Le censure rivolte dalla ricorrente, oltre che generiche, tendono inammissibilmente ad investire il merito della controversia;

infondato è altresì il riferimento alla data del preliminare, atteso che la prova della inscientia deve essere fornita con riferimento alla data di stipula del definitivo, con cui si realizza l’effetto traslativo, sì che il bene viene sottratto alla garanzia dei creditori (vedi a riguardo, tra le altre, le pronunce 21927/2011, 2005/2008).

2.2.- Il secondo motivo è inammissibile.

Premesso che la Corte del merito ha specificamente motivato, aderendo alle valutazioni del C.T.U. che ha ridotto del 10% il valore stimato dell’immobile a ragione delle manchevolezze riscontrate, per il resto tutte le censure in oggetto sulla presenza delle difformità urbanistiche e strutturali tali da rendere l’immobile non commerciabile costituiscono doglianze in punto di fatto, rivolte per di più in violazione del principio di autosufficienza del ricorso, non avendo la ricorrente indicato, riportandone i relativi brani, in quali scritti difensivi della fase di merito abbia dedotte le circostanze indicate, nè ha riportato il contenuto della nota a firma dei geometri M. e Tu. e la comunicazione del Commissario straordinario del Comune del 26/10/1989, così impedendo a questa Corte, a cui è inibito l’acceco ai documenti nella fase di merito alla stregua dei vizi denunciati, di prendere contezza e valutare l’eventuale vizio motivazionale (sul principio di autosufficienza, tra le ultime, si richiamano le pronunce 17915/2010, 2977/2006, 13556/2006).

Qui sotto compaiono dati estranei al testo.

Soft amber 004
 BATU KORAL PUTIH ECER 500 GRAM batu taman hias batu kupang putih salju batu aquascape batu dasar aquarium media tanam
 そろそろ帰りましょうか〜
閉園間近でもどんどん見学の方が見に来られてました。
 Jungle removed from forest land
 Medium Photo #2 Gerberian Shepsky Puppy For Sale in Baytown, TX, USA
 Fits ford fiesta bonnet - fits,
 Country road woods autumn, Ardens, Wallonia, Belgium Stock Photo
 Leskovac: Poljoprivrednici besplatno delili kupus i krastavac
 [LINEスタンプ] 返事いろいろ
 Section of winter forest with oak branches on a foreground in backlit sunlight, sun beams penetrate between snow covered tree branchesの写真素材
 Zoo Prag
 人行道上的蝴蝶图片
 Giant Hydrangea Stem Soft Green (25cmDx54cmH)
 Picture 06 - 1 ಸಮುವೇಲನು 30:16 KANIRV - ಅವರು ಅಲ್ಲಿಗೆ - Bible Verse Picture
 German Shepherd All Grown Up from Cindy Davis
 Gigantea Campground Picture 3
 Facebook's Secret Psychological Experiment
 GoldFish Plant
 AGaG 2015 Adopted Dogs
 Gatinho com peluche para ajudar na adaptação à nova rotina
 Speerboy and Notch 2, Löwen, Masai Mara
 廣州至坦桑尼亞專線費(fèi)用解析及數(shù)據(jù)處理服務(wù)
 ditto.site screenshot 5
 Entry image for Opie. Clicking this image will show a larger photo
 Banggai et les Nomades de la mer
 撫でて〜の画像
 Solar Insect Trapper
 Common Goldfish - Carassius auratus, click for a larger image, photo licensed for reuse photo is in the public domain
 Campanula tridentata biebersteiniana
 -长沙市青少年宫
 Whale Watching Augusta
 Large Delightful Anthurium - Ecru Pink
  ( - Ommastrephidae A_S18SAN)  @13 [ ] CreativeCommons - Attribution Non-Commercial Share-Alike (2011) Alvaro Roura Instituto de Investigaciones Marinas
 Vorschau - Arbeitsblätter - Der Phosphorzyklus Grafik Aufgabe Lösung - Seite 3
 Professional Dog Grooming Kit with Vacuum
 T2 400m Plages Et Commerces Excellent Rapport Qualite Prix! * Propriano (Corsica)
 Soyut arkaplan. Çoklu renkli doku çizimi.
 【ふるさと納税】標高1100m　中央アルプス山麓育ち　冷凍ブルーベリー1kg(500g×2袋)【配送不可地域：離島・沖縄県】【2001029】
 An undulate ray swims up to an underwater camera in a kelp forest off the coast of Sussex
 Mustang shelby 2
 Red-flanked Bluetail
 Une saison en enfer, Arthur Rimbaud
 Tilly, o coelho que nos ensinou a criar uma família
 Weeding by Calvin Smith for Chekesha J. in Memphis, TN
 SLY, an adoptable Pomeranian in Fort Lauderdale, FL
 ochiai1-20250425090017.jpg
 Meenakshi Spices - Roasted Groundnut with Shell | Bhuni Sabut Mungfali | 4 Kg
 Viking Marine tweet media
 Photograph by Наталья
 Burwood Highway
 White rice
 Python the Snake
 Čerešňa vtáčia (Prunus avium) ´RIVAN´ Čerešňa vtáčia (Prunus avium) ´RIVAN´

2.3.- Il terzo motivo è in parte infondato, in parte inammissibile.

Premesso che la Corte del merito ha ampiamente e congruamente motivato in relazione al valore attribuito all’immobile, condividendo le valutazioni del C.T.U., e specificamente argomentando in relazione alla richiesta di rinnovazione della C.T.U., le censure dei ricorrenti si appalesano inammissibilmente intese a far valere la mancata rinnovazione della Consulenza, sulla base di valutazioni di merito che si sostanziano in mere critiche al merito della controversia e all’apprezzamento della consulenza effettuato dalla Corte del merito, con motivazione immune da vizi logici.

2.4.- Il quarto motivo in punto spese non è autonomo ed è quindi assorbito.

3.1.- Conclusivamente, il ricorso va respinto.

Le spese del presente giudizio, liquidate come in dispositivo, seguono la soccombenza.

P.Q.M.

La Corte respinge il ricorso; condanna la ricorrente al pagamento delle spese del presente giudizio, liquidate in Euro 3700,00, di cui Euro 200,00 per esborsi; oltre spese generali ed accessori di legge.

Testo non ufficiale. La sola stampa del bollettino ufficiale ha carattere legale.